Pneumologie 2011; 65 - A5
DOI: 10.1055/s-0031-1296096

Regulation und potentielle Bedeutung lipidomischer Surfactantveränderungen bei Mensch und Versuchstier

W Bernhard 1, C Gille 1, E Schleicher 2, G Stichtenoth 3, J Perez-Gil 4, M Griese 5, CJ Pynn 1, CF Poets 1
  • 1Abt. Neonatologie
  • 2Innere Medizin IV, Med. Fakultät, Univ. Tübingen
  • 3Universitätskinderklinik, Lübeck
  • 4Dept. Bioquimica y Biologia Molecular, Fac. Biologia, Universidad Complutense, Madrid
  • 5Von Haunersches Kinderspital, Univ. München

Einleitung: Die drei Hauptphosphatidylcholine (PC) des Säuger-Surfactants sind Dipalmitoyl-, Palmitoyl-myristoyl- und Palmitoyl-palmitoleoyl-PC (PC16:0/16:0, PC16:0/14:0 & PC16:0/16:1). Sie bestimmen zusammen mit Surfactantproteinen (SP) die Eigenschaften von Surfactant.
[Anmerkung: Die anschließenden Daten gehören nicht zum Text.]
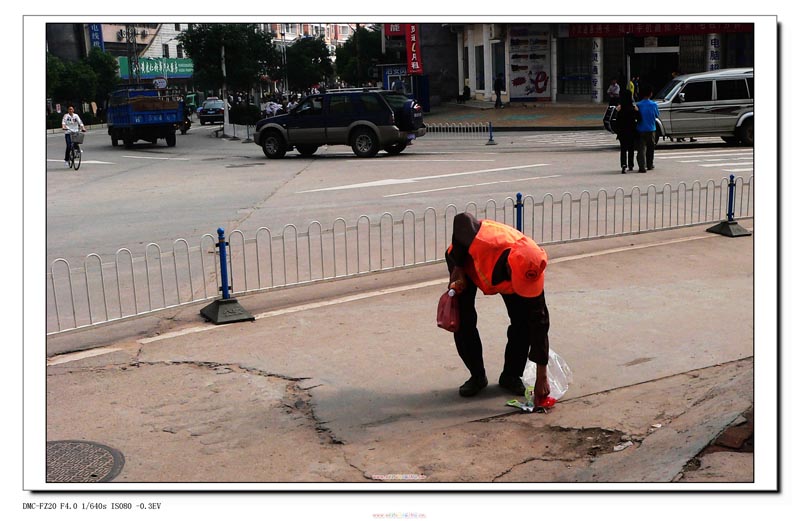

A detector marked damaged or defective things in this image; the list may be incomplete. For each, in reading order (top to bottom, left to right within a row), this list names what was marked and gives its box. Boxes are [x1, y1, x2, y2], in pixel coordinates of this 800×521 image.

cracked concrete pavement [43, 222, 756, 484] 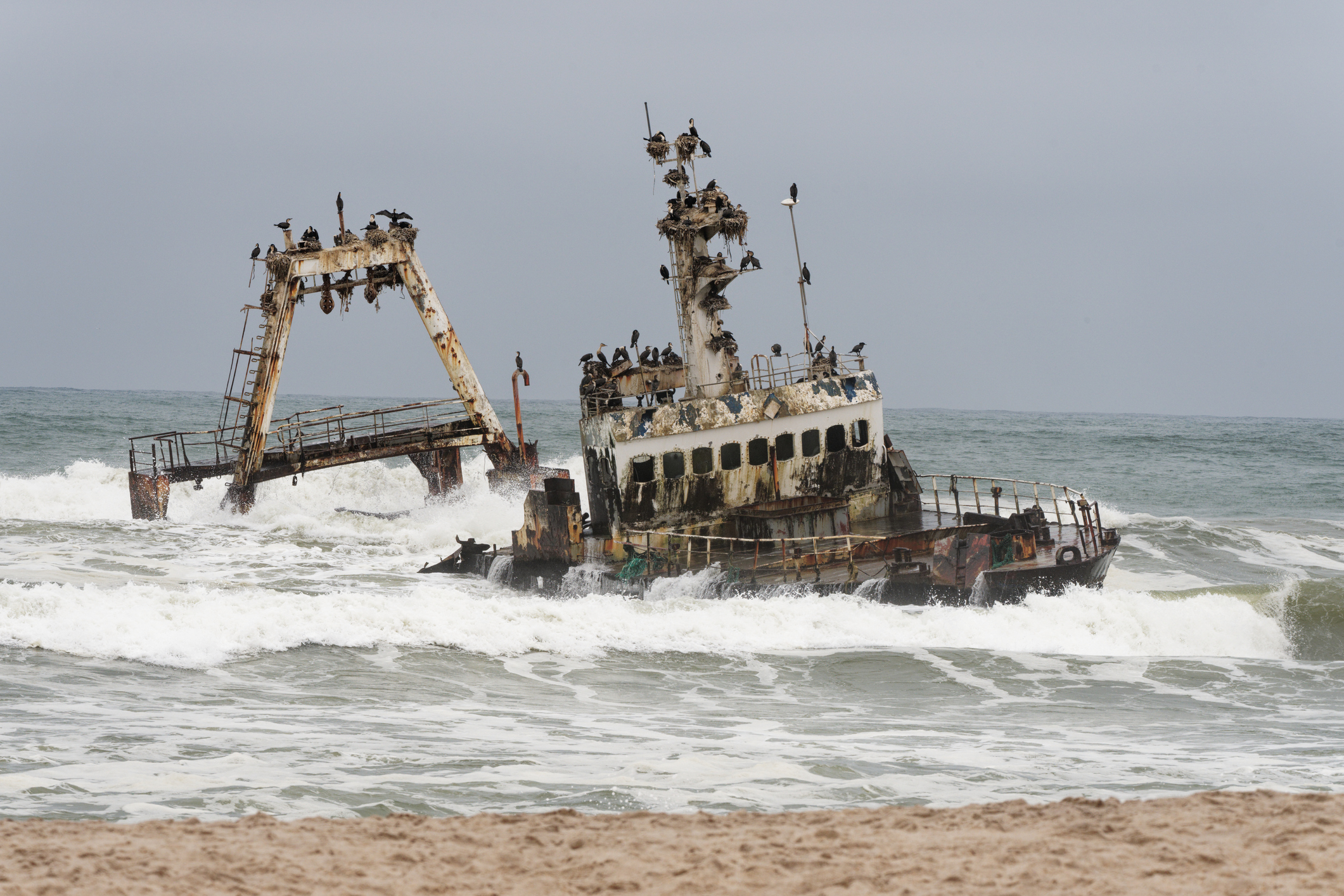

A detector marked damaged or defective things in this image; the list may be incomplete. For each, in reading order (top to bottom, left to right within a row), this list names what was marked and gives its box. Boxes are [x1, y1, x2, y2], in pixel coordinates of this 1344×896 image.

Wir adressierten die Regulation & funktionelle Bedeutung von PC16:0/14:0, da es nur im Säuger-Surfactant angereichert wird.

Methoden: In vivo-Stimulation [Palifermin® (rhKGF), Betamethason (BM)], Fütterung mit definierten Triglyceriden (Trilaurin [C12:03], Trimyristin[C14:03], Tripalmitin [C16:03] etc), Rattenmilch und Standardfutter. Stabile Isotopenmarkierung mit [D9-Methyl]cholin und [ω-D3]-Fettsäuren. Quantitative Lipidanalytik von Lunge, Plasma und Leber mittels HPLC, GC, LC-MS/MS & GC-MS. FACS-Analyse von Differenzierungsmarkern und reaktiven Sauerstoffspezies (ROS) bei (Alveolar-)Makrophagen (MΦ). SP-B-Bestimmung mittels Western-blot.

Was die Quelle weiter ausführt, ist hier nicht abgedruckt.